BEGIN Collected data

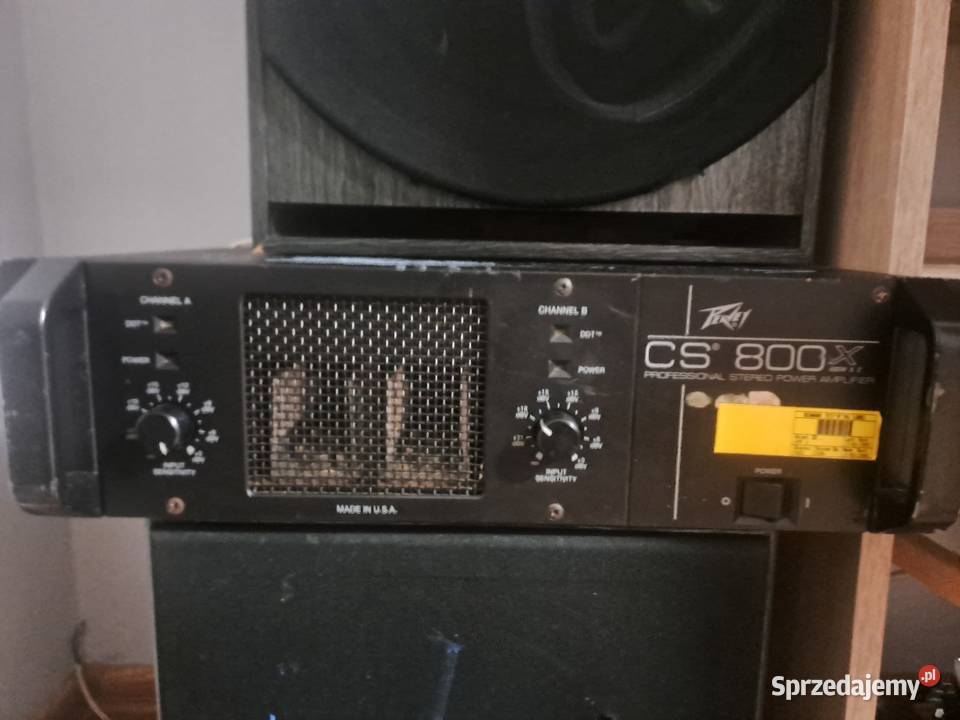 Wzmacniaczkońcówka mocy Peavey CS800X Puławy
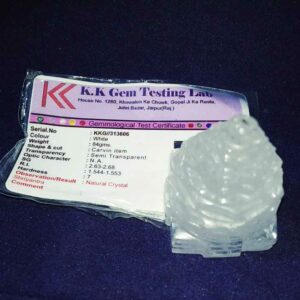 Abhimantrit Indian Sphatik Shree Yantra & Lab Certified - 112 Gram - Image 3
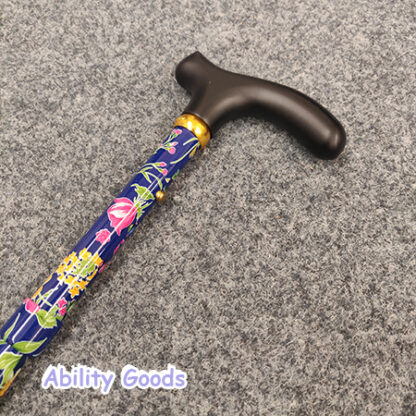 this folding stick has a stunning pattern with multicoloured flowers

END Collected data

• [What the exercise asks]:
Print out the material word for word, omitting the pictures.

• [Solution to this task]:
 Wzmacniaczkońcówka mocy Peavey CS800X Puławy
 Abhimantrit Indian Sphatik Shree Yantra & Lab Certified - 112 Gram - Image 3
 this folding stick has a stunning pattern with multicoloured flowers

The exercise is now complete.